When the men had gone, Gilly hurried over. The club had caught Charlie on the side of his face, tearing the skin below his eye, bloodying his nose. He shook his head, feeling the thick weight of it, like a sack of water.

“Your finger—”

“Never mind that. Here now, hold er higher,” Gilly was muttering. She lifted his chin gently and he heard the quick intake of her breath and he understood suddenly. He pulled away, covering his cheek with one hand. But he was not fast enough. She was staring in horror.

“What you done?” she whispered. “Charlie?”

He looked at her, his eyes wet.

“Tain’t human,” she whispered. She took a step back. “Tain’t right.”

“Gilly—”

“Get away!” she cried suddenly. “Jooj! Lookit Charlie’s bloody great saw!”

But before the mouselike waif got near, the tall lad, Millard, was pushing forward, grabbing Charlie’s head, turning it side to side. The other kids were crowding round, dirt-streaked faces, big eyes staring.

“Bloody hell,” Millard was saying. “He’s a bloody freak, he is. He’s a monster.”

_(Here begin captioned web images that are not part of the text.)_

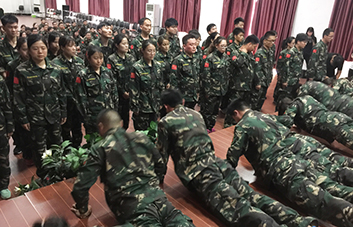 舉手表決，領(lǐng)袖魅力征服現(xiàn)象學(xué)員！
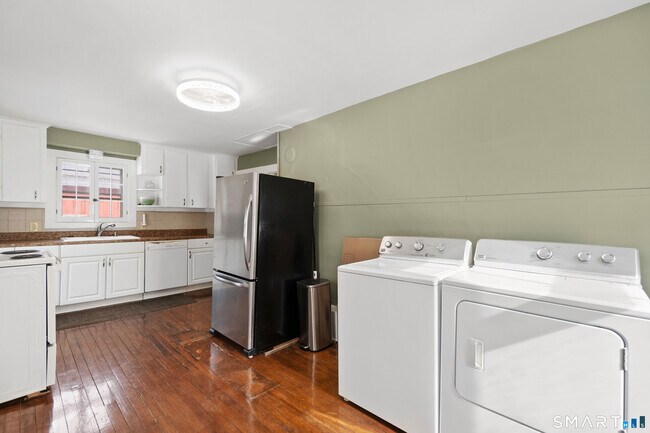 Building Photo - 263 Seymour Rd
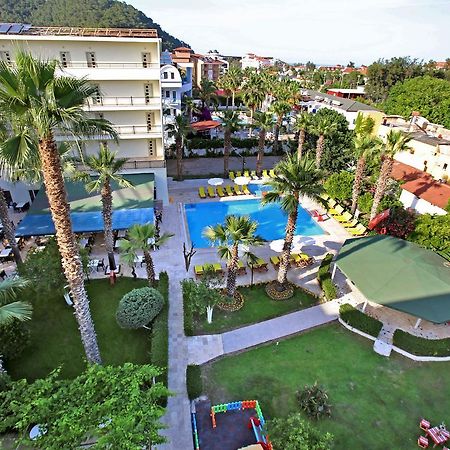 Twins Hotel Kiris Luaran gambar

Charlie pushed him bodily off.

“Charlie’s a monster?” one of the littlest ones said, maybe three years old. She started to cry.

“No—” Charlie whispered.

“He’s Spring-Heeled Jack, he is!” a second kid burst out.

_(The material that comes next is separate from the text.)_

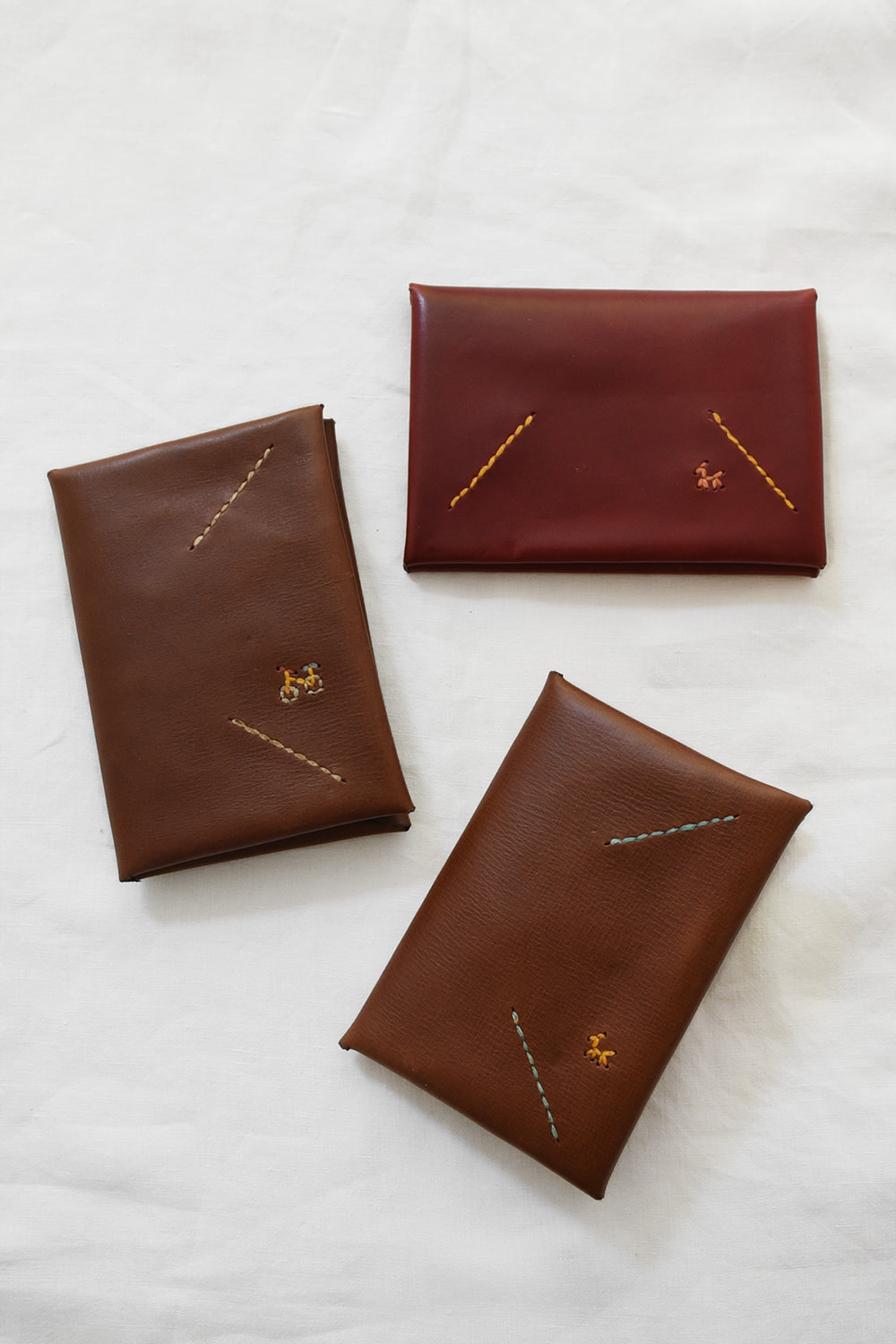 Henri、アンリ、leather goods、handcrafted leather、ハンドクラフト、made in Itary、ハンドメイド、手作り、handmade、カードケース、card case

And they scattered from him then, squealing, all except Millard and Gilly, and Charlie himself stumbled backward, pain and anger and humiliation rising in him. He glowered in the dimness at the faces peering out at him from behind barrels, boxes, water-rotted timbers. Everything, the litch, being hunted in the darkness, getting beaten by that bull man just like in his old life in Mississippi, now this, being called a freak, a monster, all of it filled him with something he hadn’t let himself feel, not in a long time.

Rage.

“The hell with you!” he shouted at the ragged faces staring. “The hell with all of you!”